From an adult educator’s standpoint, one of the first theorist’s who grabbed my attention was Vygotsky, with his ‘Social Development Theory’. Vygotsky believed that development is a lifelong process and that it is dependent on social interaction, as this directly leads to an individual’s cognitive development (Riddle and Dabbagh. 1999 [Online]).
He proposed that learning occurs in the ‘Zone of Proximal Development’ and described it as ‘the distance between the actual development level as determined by independent problem solving and the level of potential development as determined through problem solving under adult guidance or in collaboration with more capable peers’ (Vygotsky. 1978).
So what does that all mean? In terms of learning and change as development, this means an individual is able to best develop with the guidance, encouragement and/or collaboration of others in a socially interactive setting.
What? So this means a new starter won’t develop by sitting in a room being read information by someone else? Who would have thought!
Vygotsky’s theory says that learning and development needs to be a collaborative experience as opposed to the more traditional learning methods. For example, rather than a facilitator lecturing information to the group, the learner and facilitator should work in partnership in order to create meaning in ways that students can make their own (Hausfather. 1996).
In thinking about this in the context of my own workplace, I recalled a conversation I had with an adult learner in my previous job who said that she found her initial induction training experience to be ‘dry, boring and almost transactional’ as each speaker came in, spoke to the group about a designated topic and then left without inviting any interaction or stimulation of ones thinking about the presentation. It became monotonous and she found it was hard to recall the information presented because it was hard to remain focussed and engaged for long periods of time.
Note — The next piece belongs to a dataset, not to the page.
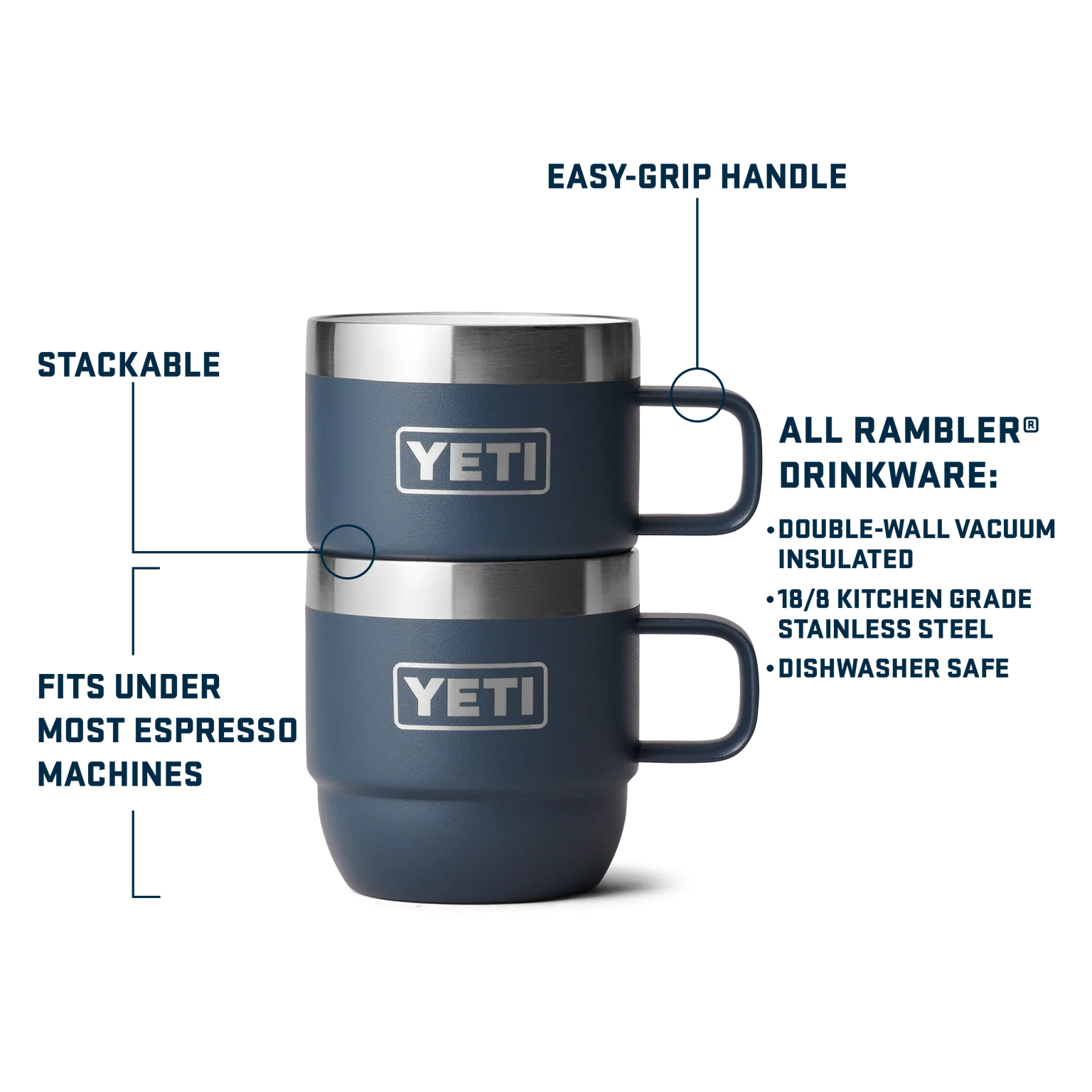 YETI 6 OZ STACKABLE MUGS - Image 2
In contrast, she found the customer service training to be highly engaging due to its interactive nature. It involved group brainstorming and presentation of their ideas, role plays and quizzes. Moreover, learners were from a range of backgrounds and experiences so she also learned from listening to their customer service stories and how they dealt with particular situations. She felt that she learned much more and was able to demonstrate more key skills in this form of interactive training than when she was lectured to.
Now this isn’t rocket science, so why are we still using the same old techniques in our in-house programs?
More pertinent to my workplace, is this change in learning delivery a result of generational change i.e. Gen Y expect training to be interactive and engaging where as the boomers are happy with more traditional classroom style ‘listen and learn’ sessions? Keen to hear your thoughts.